• _WHAT THIS TASK INVOLVES_: Return the following lines and nothing else: the one holding "Lydbog Jeg Putin" and all those after it in the records below, unchanged, minus any pictures.

• _INFORMATION SUPPLIED_:
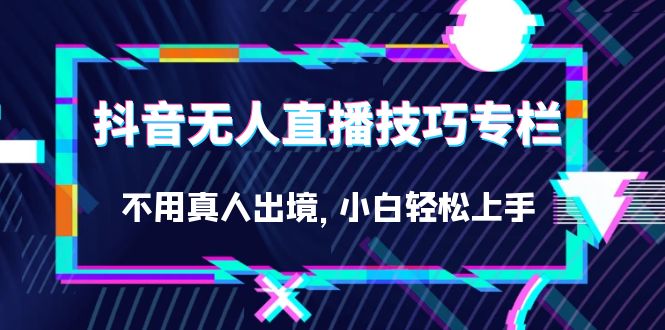 抖音无人直播技巧专栏，不用真人出境，小白轻松上手（27节）去创吧-网创项目资源站-副业项目-创业项目-搞钱项目黑蛋搞钱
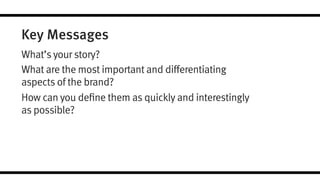 Brand Personality 
light-hearted, quirky, positive, passionate, 
empathetic 
 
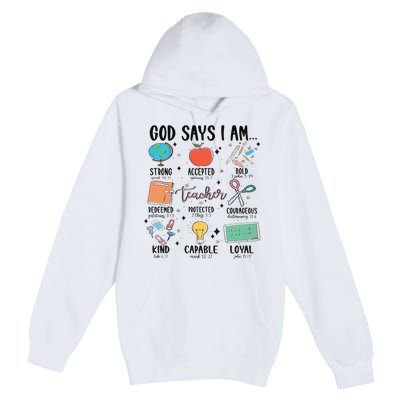 Funny God Says I Am Teacher Bible Verse Christian Teacher Teacher God Says Premium Pullover Hoodie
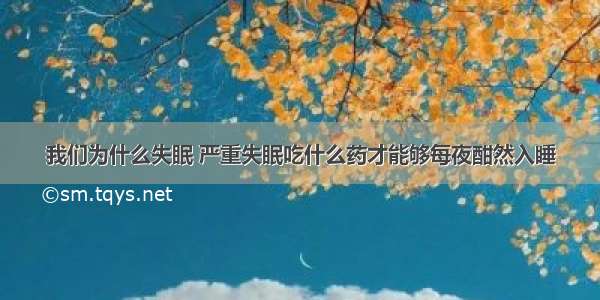 我们为什么失眠 严重失眠吃什么药才能够每夜酣然入睡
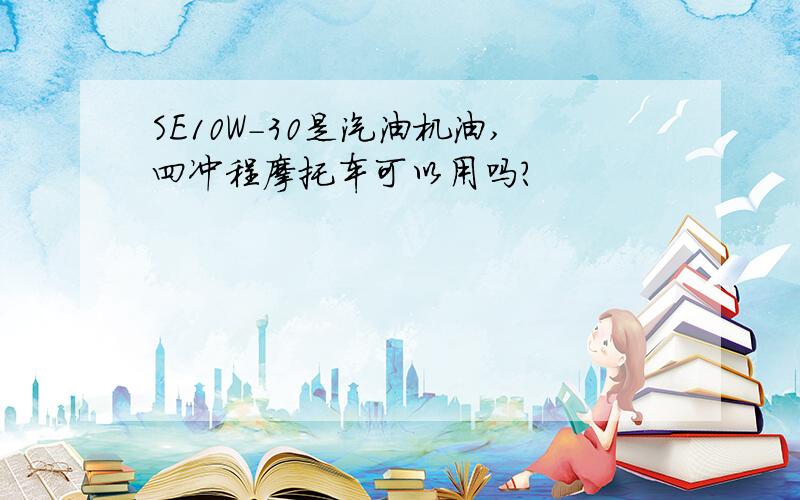 SE10W-30是汽油机油,四冲程摩托车可以用吗?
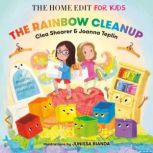 The Rainbow Cleanup A Magical Organi..., Clea Shearer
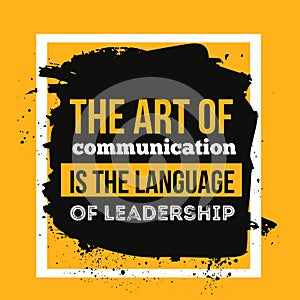 The art of communication is the language of leadership. Motivational Quote Poster for wall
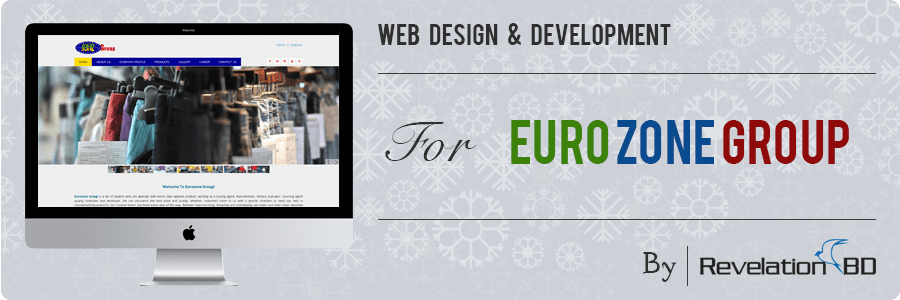 Professional Web Design and Development Project by Revelation BD for EUROZONE GROUP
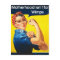 Mother's Day ~ Rosie the Riveter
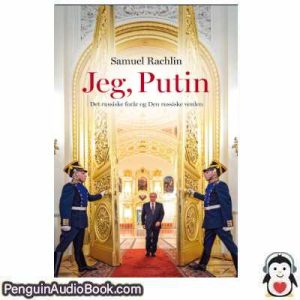Lydbog Jeg Putin Samuel Rachlin download lytte podcast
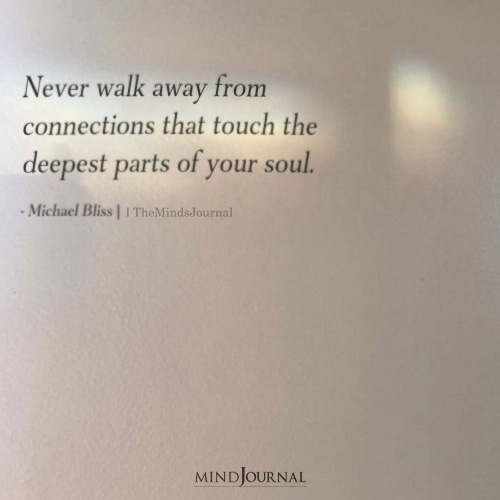 Never Walk Away From Connections That Have Touched Your Soul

• _TASK RESULT_:
Lydbog Jeg Putin Samuel Rachlin download lytte podcast
 Never Walk Away From Connections That Have Touched Your Soul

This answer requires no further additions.